Common stocks of debt-laden companies feel the direct impact from such moving cycles, in terms of business and the cost of carrying debt. They often feel the burden in not-so-obvious ways.
One possibility: Where interest costs are fixed, the relative cost of debt service goes up as inflation goes down. Debt cost of 10% a year is not high when inflation is running at 9% and more a year. If debt cost is still 10% a year, but inflation is at a 4% rate, the company could be in trouble. They may need ever-higher revenues and profits with which to make up that cost differential in a competitive world. They may have been achieving it during rampant inflation. Their fixed debt may therefore have been comparatively benign.

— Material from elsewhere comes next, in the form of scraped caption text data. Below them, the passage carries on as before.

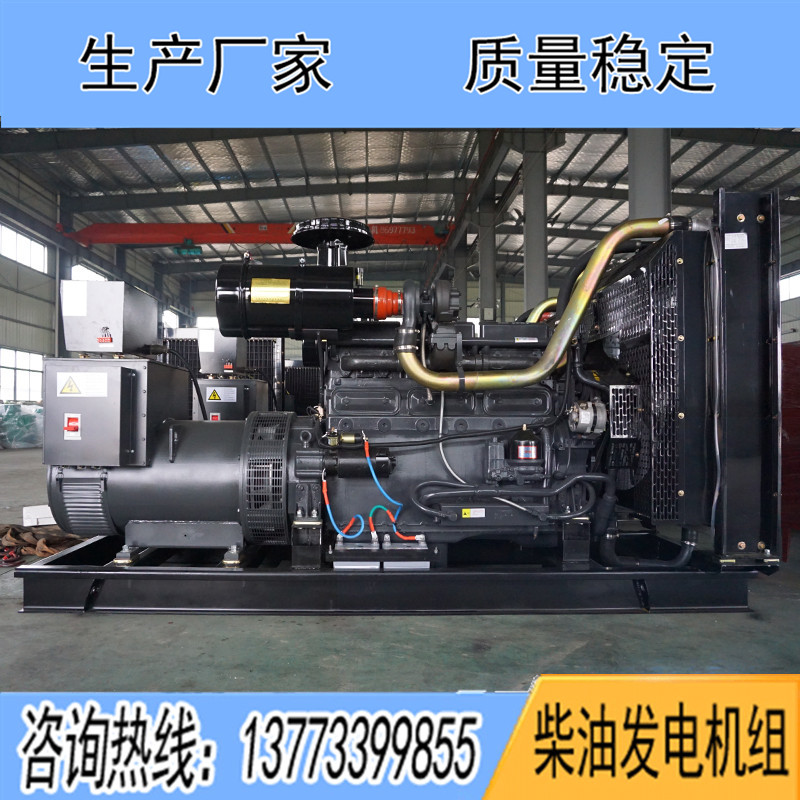 SD350申動300KW柴油發(fā)電機(jī)組報價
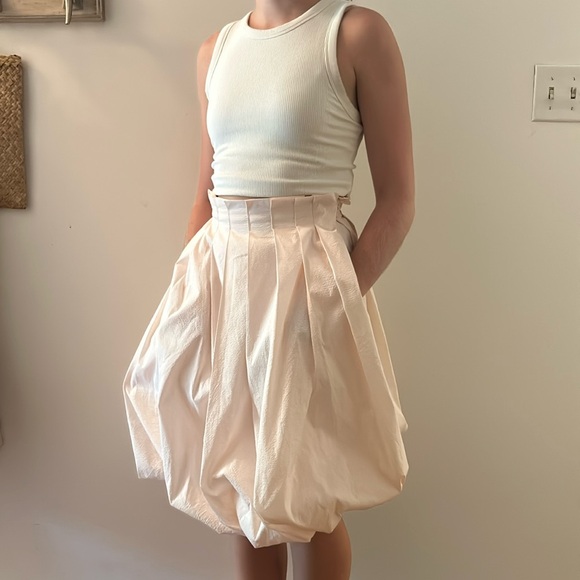 Bottega Veneta Bubble Skirta - Picture 5 of 14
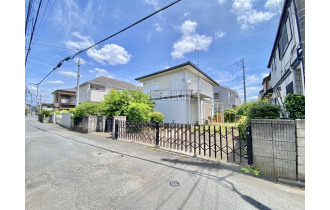 【外観】現地全景（令和7年5月15日撮影）（古家有り）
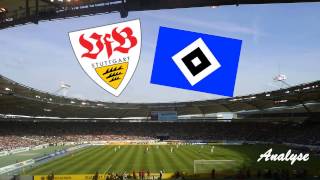 VfB Stuttgart  Hamburger SV 01  Buli 25 Spieltag  10032013  Spiel analyse [upl. by Kathie]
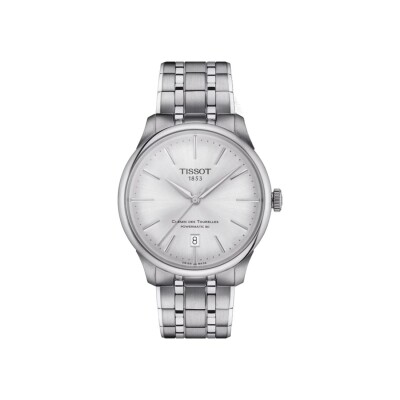 Tissot T-Classic Chemin Des Tourelles Powermatic 80 watch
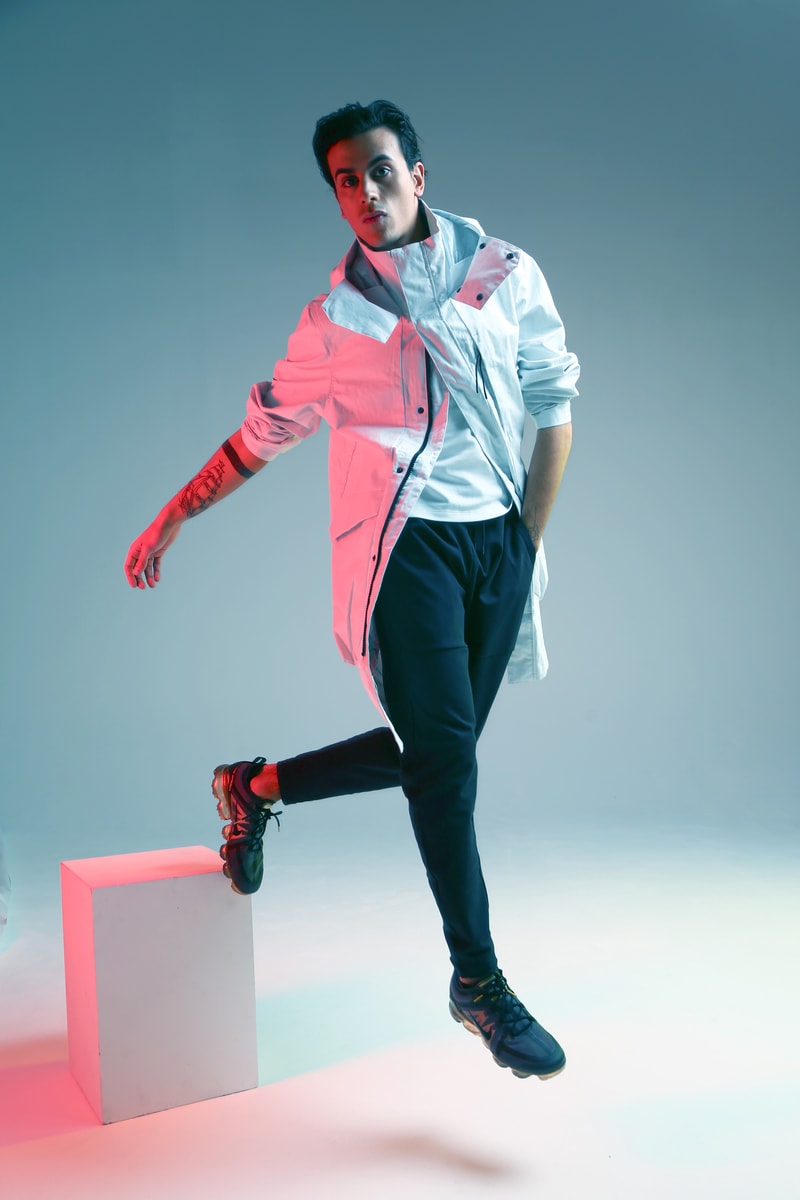 L'Equation Mode x Performance Prend Tout Son Sens Avec L'Athlète Rénelle Lamote Et Le Danseur Léo Walk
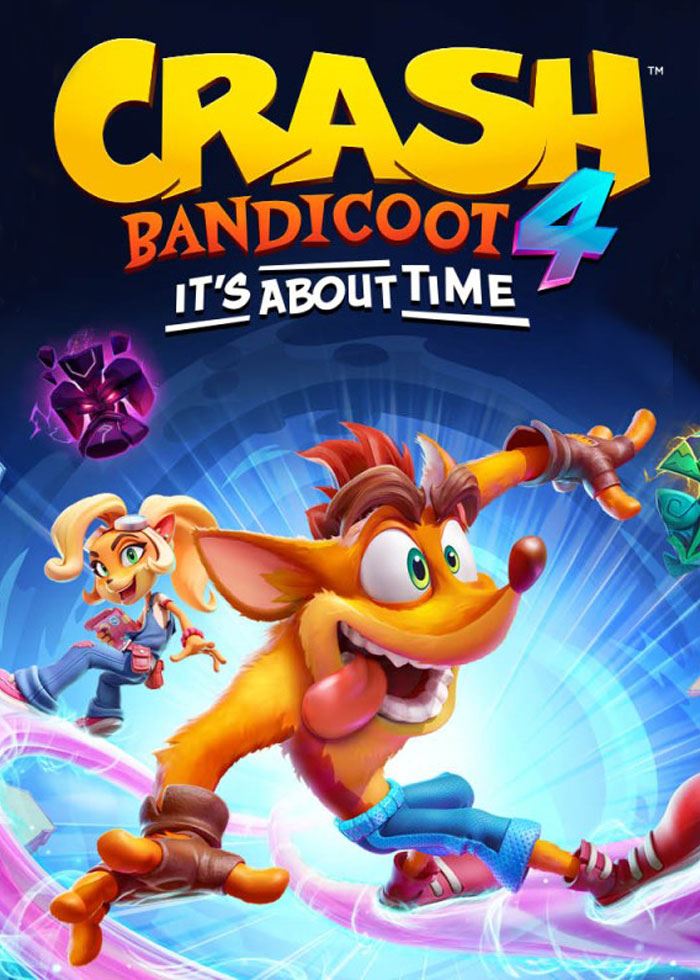 Crash Bandicoot 4: It's About Time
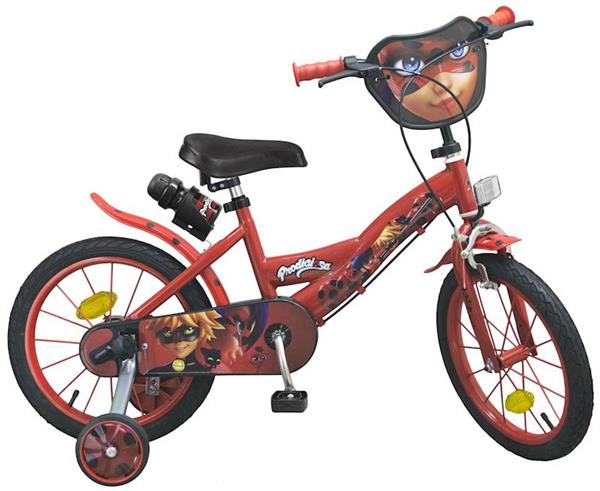 Afectar Hacer Incomparable Bicicleta Ladybug 16 pulgadas ⭐ Comprar bicicleta infantil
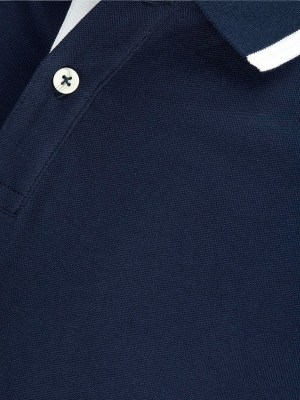 Alternative view of Μπλούζα Βαμβακερή Polo Projekt Produkt  Μαρίν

In deflationary economies, fixed cost can be unbearable if revenues suffer, and if interest rates do not fall fast enough. Debt cost of 10% a year is simply too high if inflation is running much less. So, what Wall Street may perceive as a boon to a company may actually be a hindrance. Yet, some industries (e.g. raw material production) may actually suffer as inflation rates go down. Their product commands less in the market, while their debt goes higher, in terms of real cost.

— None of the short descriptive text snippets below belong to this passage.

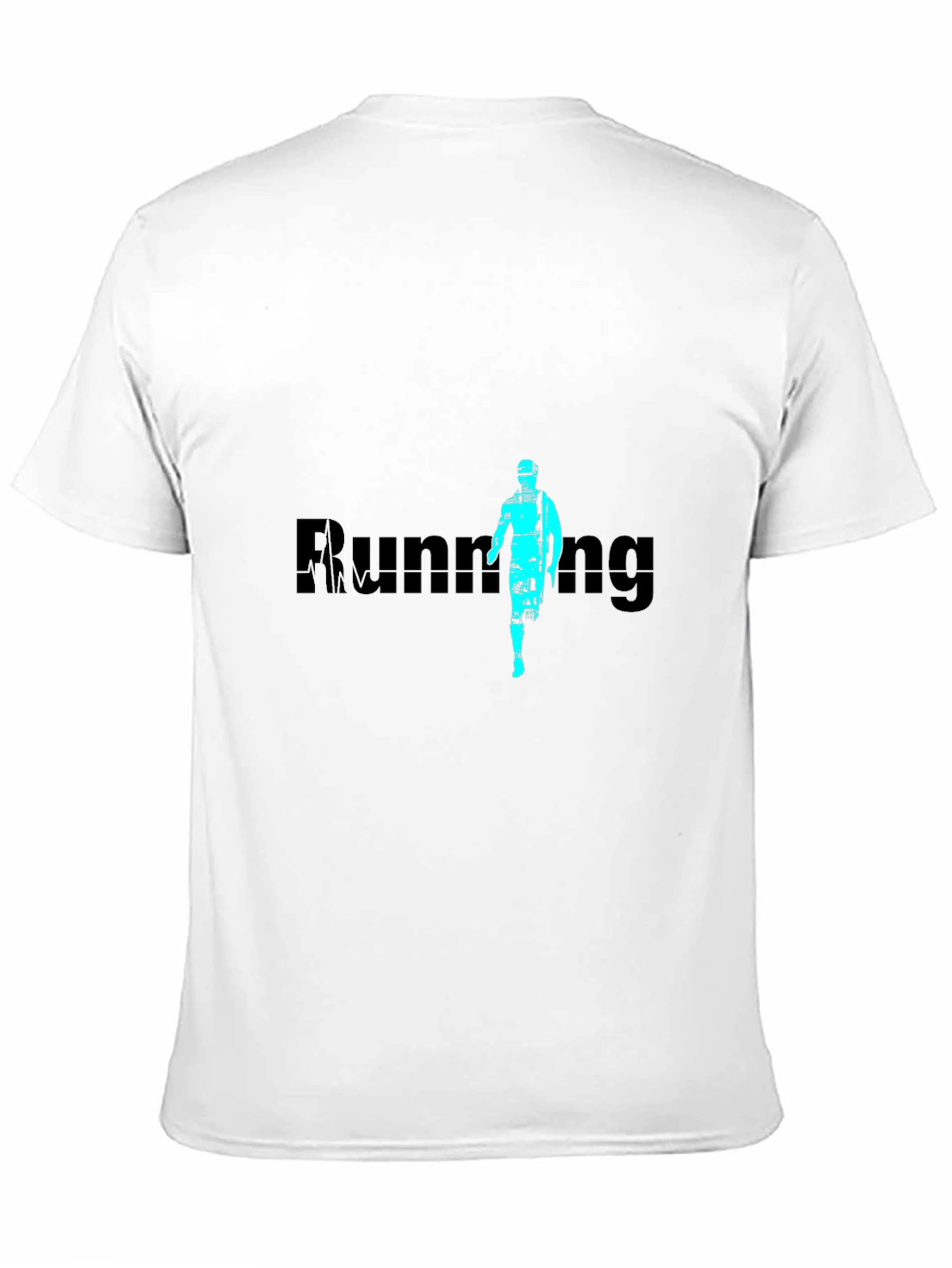 Running Graphic Print Tee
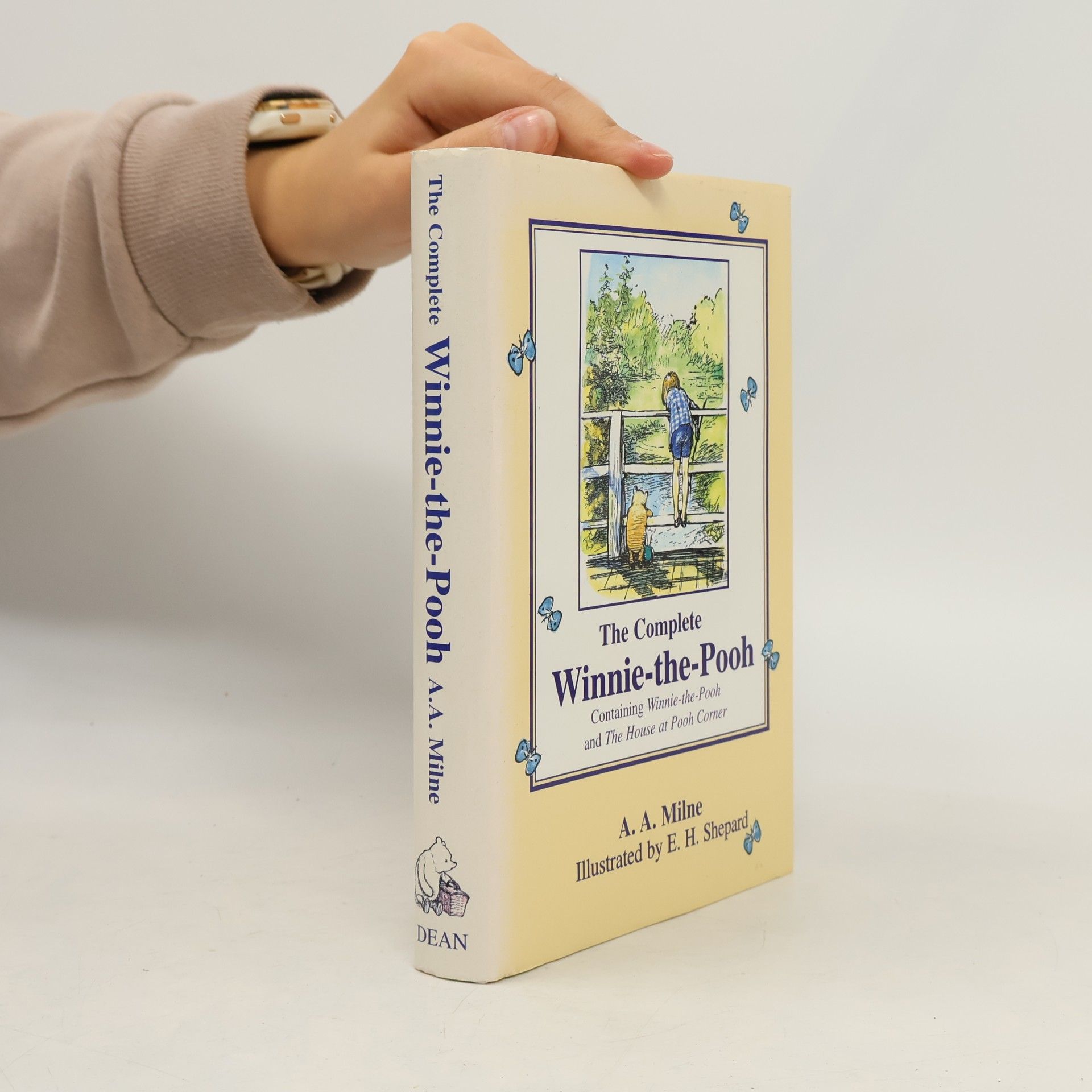 Alan Alexander Milne The Complete Winnie-the-Pooh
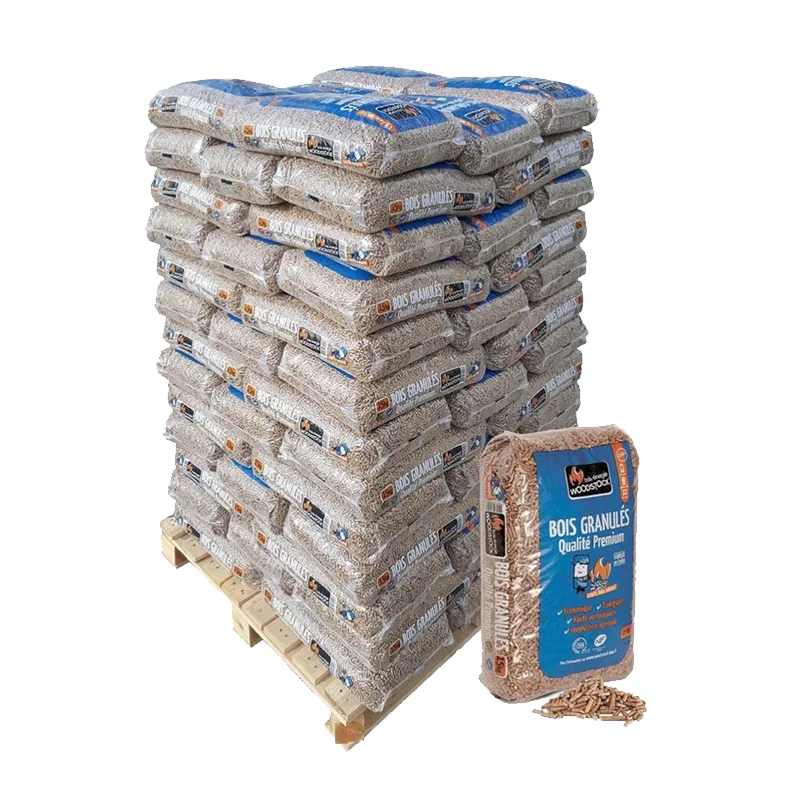 Holzpellets Premium Palette 1080 kg Crépito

As soon as interest rate levels subside in a deflationary cycle, companies with substantial short-term debt will try to refinance their borrowing, and those with longer-term debt will call it in for redemption, if at all possible. Those who are stuck with long-term, high-cost debt they cannot refinance can be in serious trouble.

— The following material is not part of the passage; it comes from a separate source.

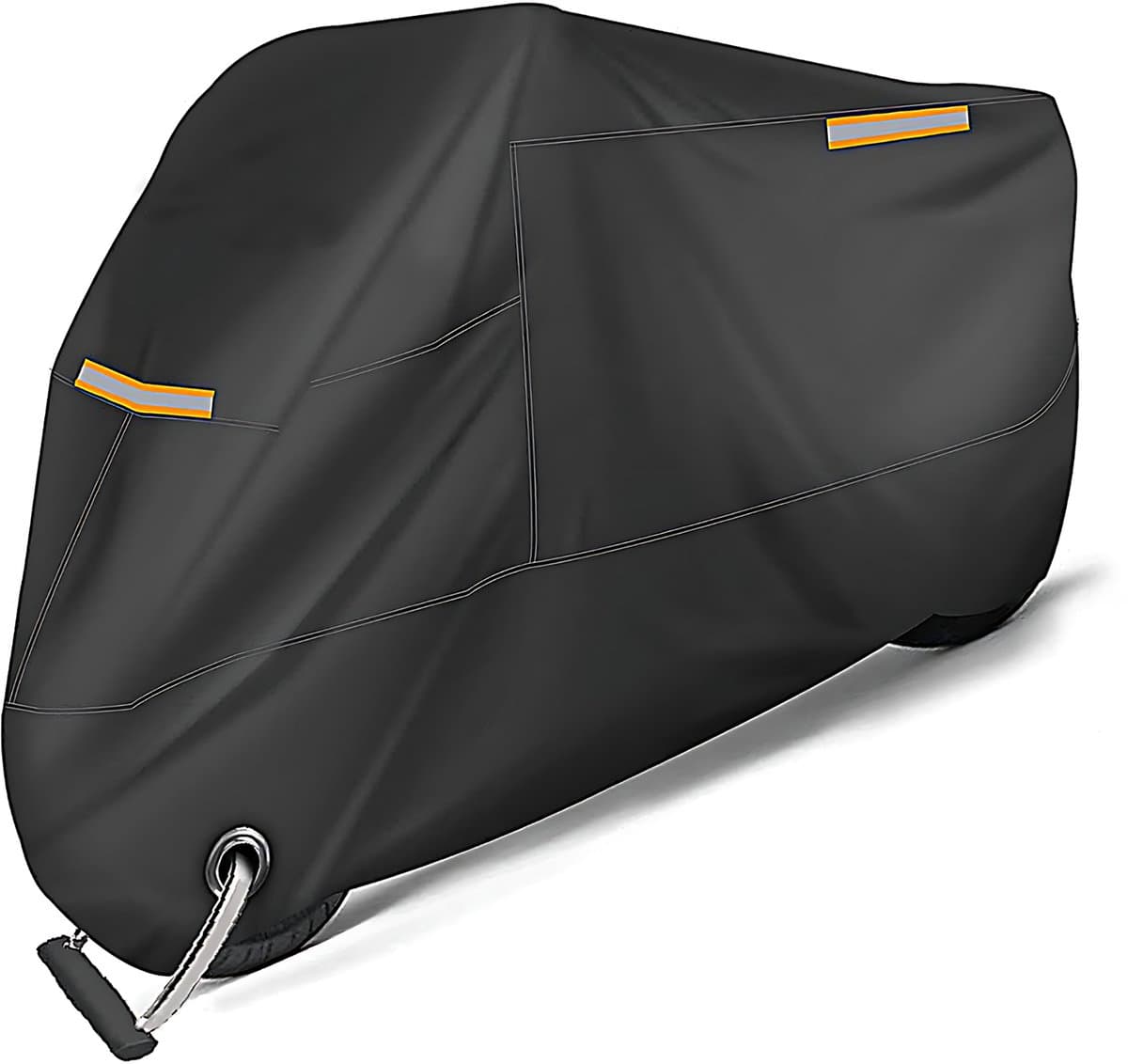 GOODEVN Premium Motorhoes 210D Oxford - Waterdicht & UV-bestendig (245x105x125cm) | Universeel Pasvorm voor Alle Motoren & Scooters | Binnen- en Buitengebruik (EAN: 8711474223506)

Debt-laden companies therefore present a strategy that depends on the rate of inflation. Each security may feel the effects differently, in a rise or fall of the consumer or industrial price index. Some are in more debt; some have debt hard to refinance Others are not able to enhance revenues and earnings. Those companies who are able to temper or accommodate these problems can overcome the cycle effects.
Traders can select issues for long and short-selling positions, as the problems are perceived. At the outset of a trend, some perceptions may be incorrect. The relative risks of being in debt may not come to light until all factors are put into play: Company revenue changes, real costs of interest, and ability to refinance. Interest rate and inflation direction estimates are hard to make, and some industries are too difficult to forecast in terms of changing revenue cycles. The strategy therefore requires close attention.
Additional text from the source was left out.